Short descriptive text snippets
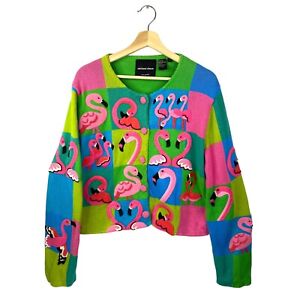VTG 1999 Michael Simon Pink Flamingo Cardigan Sweater 90s Y2K Colorful Pop Art L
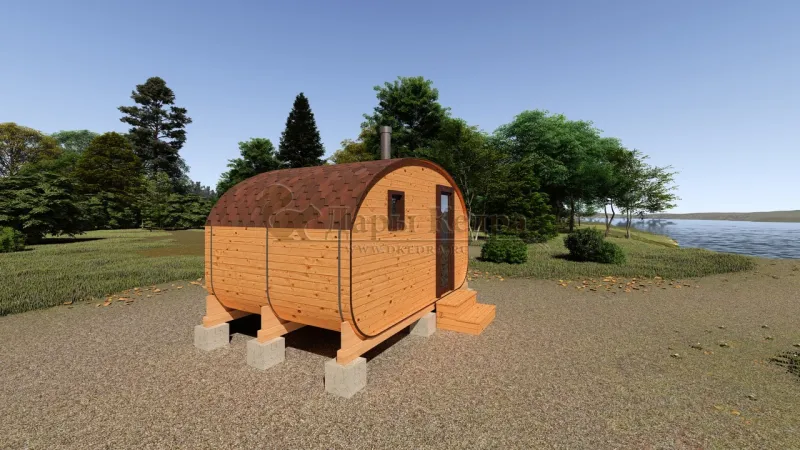 Баня-бочка «Гипоид» из кедра 4х2,2 метра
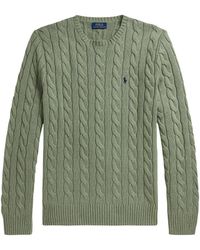 Polo Ralph Lauren - Cable Knit Sweater With Logo - Lyst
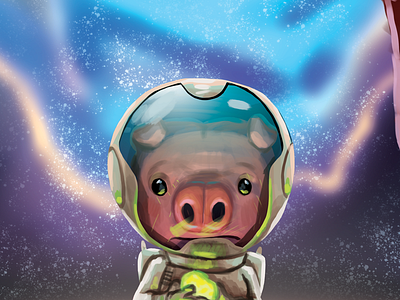 Space Piggy animal character design cute digital painting game design illustration painting visdev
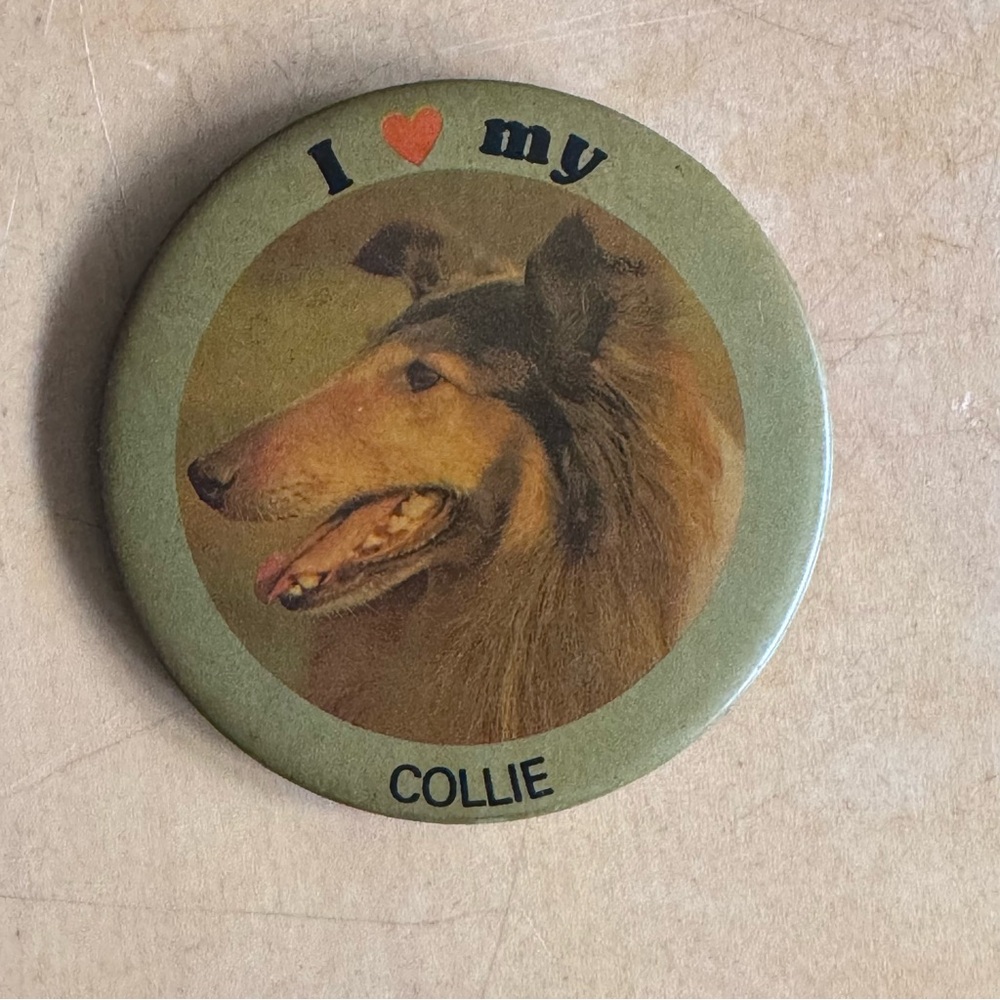 Vintage 3” I ❤️my COLLIE button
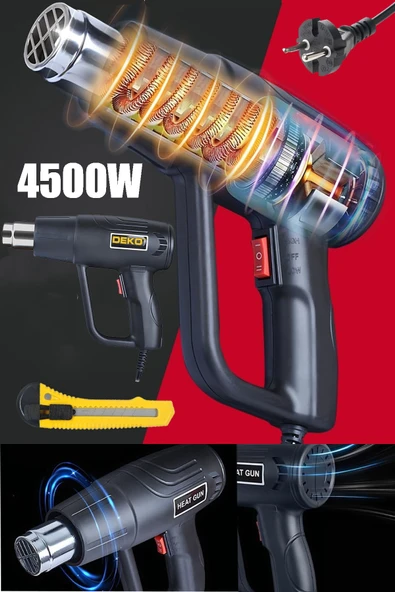 DEKO TURKEY 4500 Watt Dayanıklı Bakır Sargılı Rezistans 2 Kademeli Ayarlı Sıcak Hava Tabancası Isı Tabancası ürün görseli 1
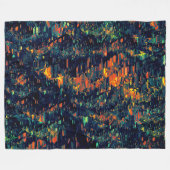 Abstract mozaïek van ontheemde kampvuur op groen fleece deken (Voorkant (Horizontaal))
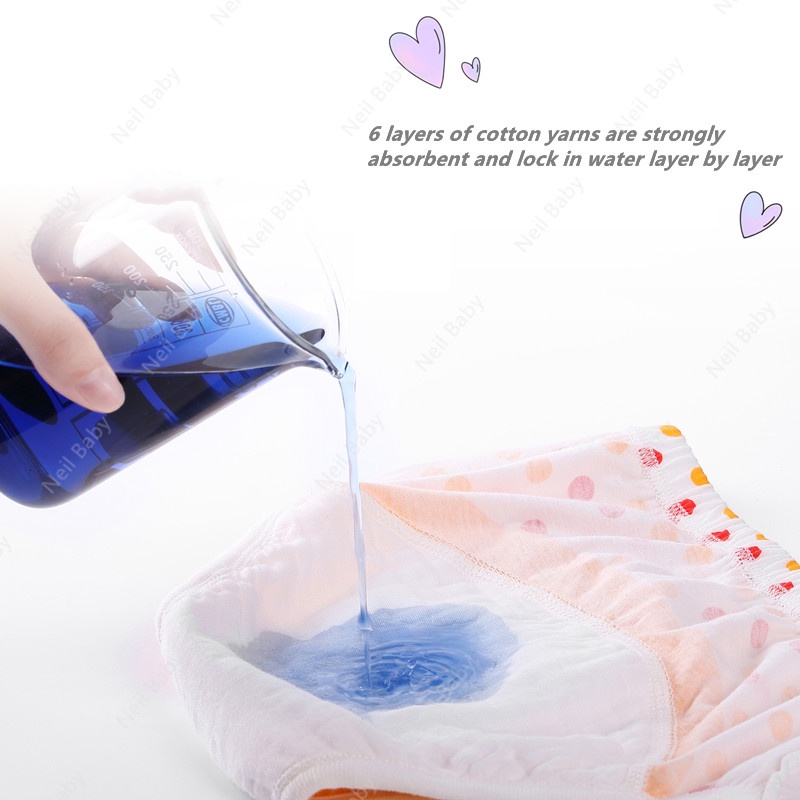 4 miếng / nhóm Tã vải thoáng khí Quần Bỏ Bỉm Quần đóng bỉm bằng vải cotton thoáng khí cao cấp chống hăm có thể giặt lại cho bé 0-18kg(size 90/100/110)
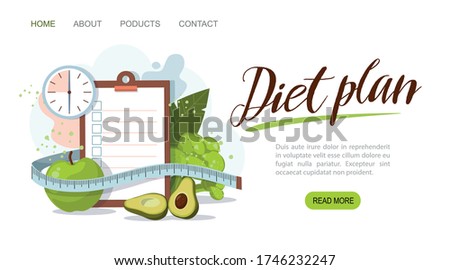 Healthy food and Diet planning. Weight loss concept. Web banner template Royalty-Free Stock Photo #1746232247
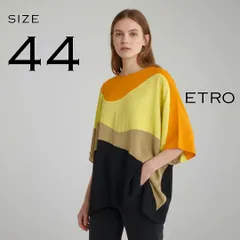 【新品タグ付】ETROエトロ イタリア製 17AW ストレッチレーヨン製 カラーブロック ドルマンカットソー 44(L～XL) 黄色イエロー 【古着】【中古】【送料無料】のサムネイル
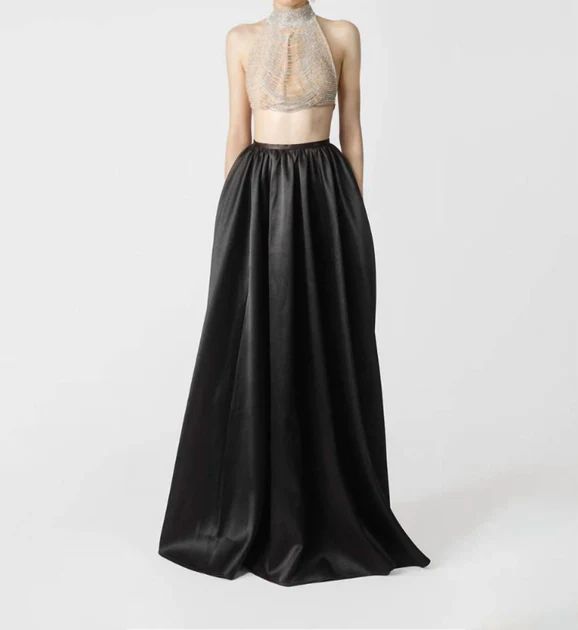 Zahara Satin Maxi Skirt In Black | Shop Premium Outlets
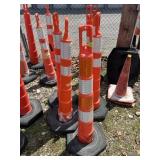 ORANGE PLASTIC TRAFFIC BARRELS, REFLECTIVE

> PROBLEM DETAILS
Leave the pictures out, and transcribe each of the records exactly.

> EXERCISE RESPONSE
VTG 1999 Michael Simon Pink Flamingo Cardigan Sweater 90s Y2K Colorful Pop Art L
 Баня-бочка «Гипоид» из кедра 4х2,2 метра
 Polo Ralph Lauren - Cable Knit Sweater With Logo - Lyst
 Space Piggy animal character design cute digital painting game design illustration painting visdev
 Vintage 3” I ❤️my COLLIE button
 DEKO TURKEY 4500 Watt Dayanıklı Bakır Sargılı Rezistans 2 Kademeli Ayarlı Sıcak Hava Tabancası Isı Tabancası ürün görseli 1
 Abstract mozaïek van ontheemde kampvuur op groen fleece deken (Voorkant (Horizontaal))
 4 miếng / nhóm Tã vải thoáng khí Quần Bỏ Bỉm Quần đóng bỉm bằng vải cotton thoáng khí cao cấp chống hăm có thể giặt lại cho bé 0-18kg(size 90/100/110)
 Healthy food and Diet planning. Weight loss concept. Web banner template Royalty-Free Stock Photo #1746232247
 【新品タグ付】ETROエトロ イタリア製 17AW ストレッチレーヨン製 カラーブロック ドルマンカットソー 44(L～XL) 黄色イエロー 【古着】【中古】【送料無料】のサムネイル
 Zahara Satin Maxi Skirt In Black | Shop Premium Outlets
 ORANGE PLASTIC TRAFFIC BARRELS, REFLECTIVE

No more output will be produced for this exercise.